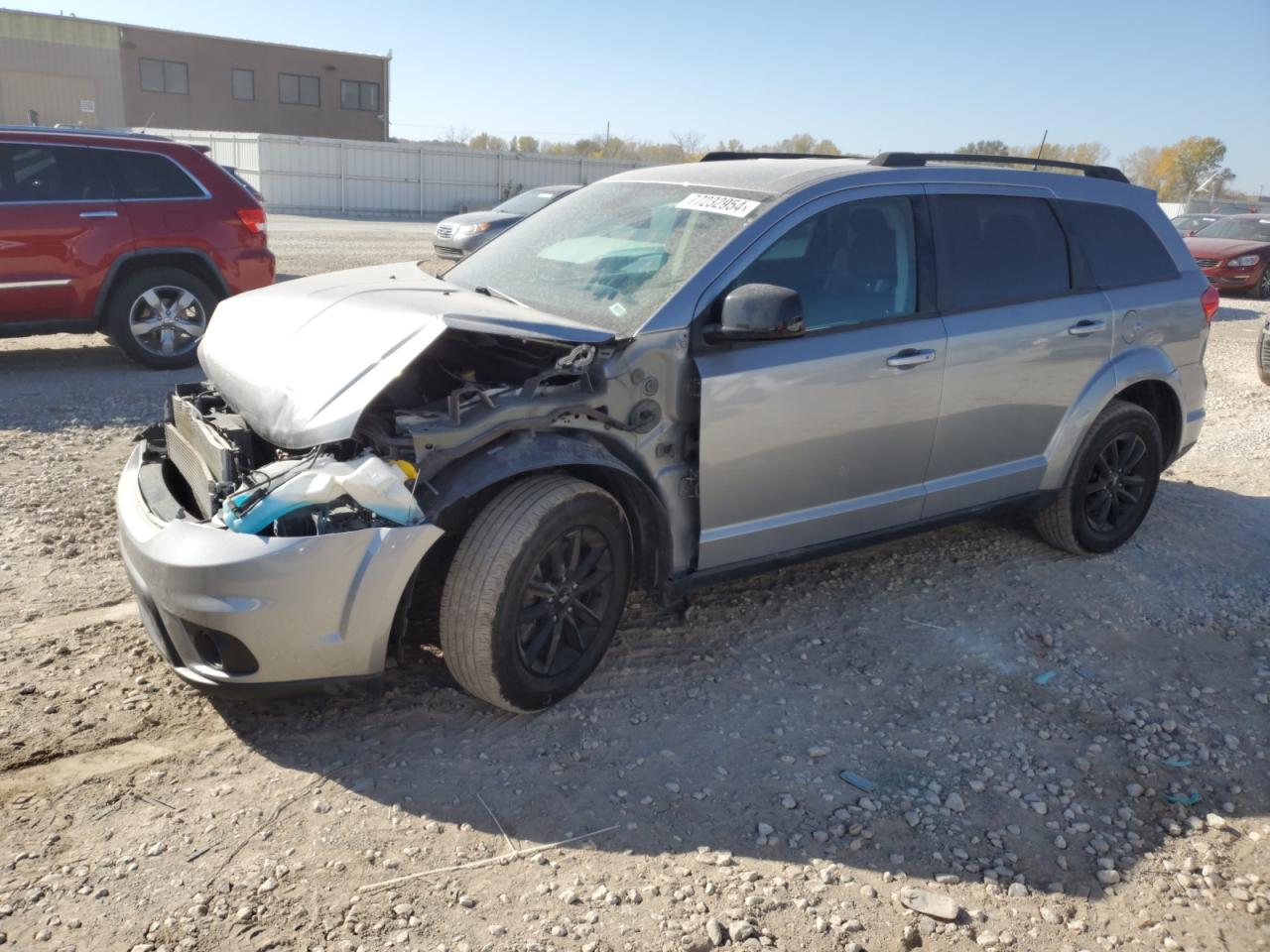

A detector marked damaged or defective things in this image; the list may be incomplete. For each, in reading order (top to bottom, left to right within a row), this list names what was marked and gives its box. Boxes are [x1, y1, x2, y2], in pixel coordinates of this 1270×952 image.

crumpled hood [1178, 234, 1270, 257]
missing headlight opening [144, 329, 609, 540]
crumpled hood [197, 261, 614, 451]
damaged silver suv [116, 153, 1208, 710]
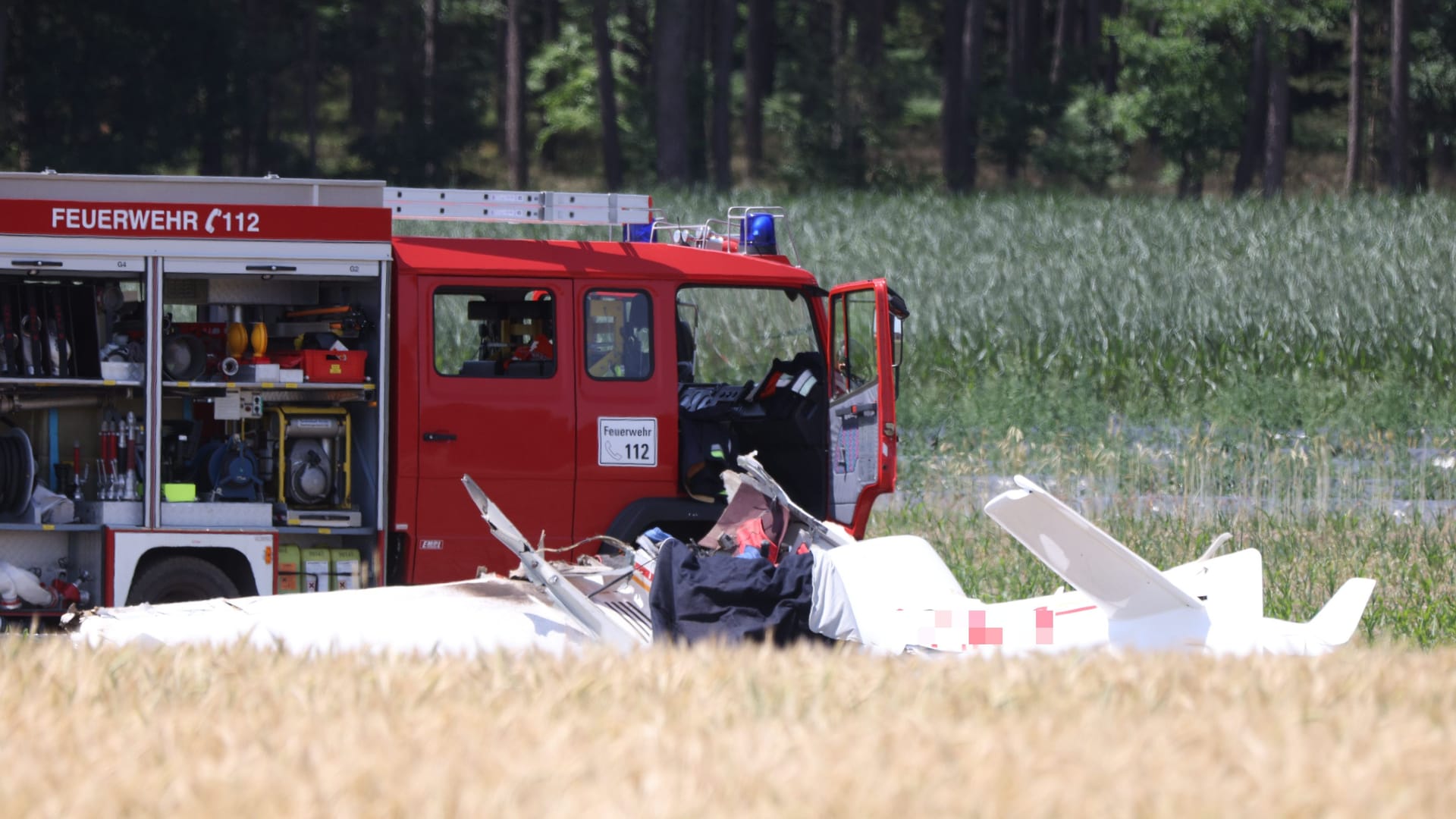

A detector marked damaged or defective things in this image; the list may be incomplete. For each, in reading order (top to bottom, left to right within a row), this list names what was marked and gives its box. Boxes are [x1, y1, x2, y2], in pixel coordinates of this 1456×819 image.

=== Work task ===
With the pictures removed, write the listing out word for word.

=== Solution to the problem ===
A detector marked damaged or defective things in this image; the list may be incomplete. For each, in reading order (top to bottom, left to right within a row), this list names what was marked and gives its box. Boxes are [x1, y1, x2, y2], in pixel coordinates of this 1270×952 image.

crumpled hood [1178, 234, 1270, 257]
missing headlight opening [144, 329, 609, 540]
crumpled hood [197, 261, 614, 451]
damaged silver suv [116, 153, 1208, 710]

A detector marked damaged or defective things in this image; the list may be incomplete. For each, in reading order (top to bottom, left to right within a row), this list names what was marked and gives its box. Boxes are [x1, y1, x2, y2], in pixel coordinates of this 1456×819 image.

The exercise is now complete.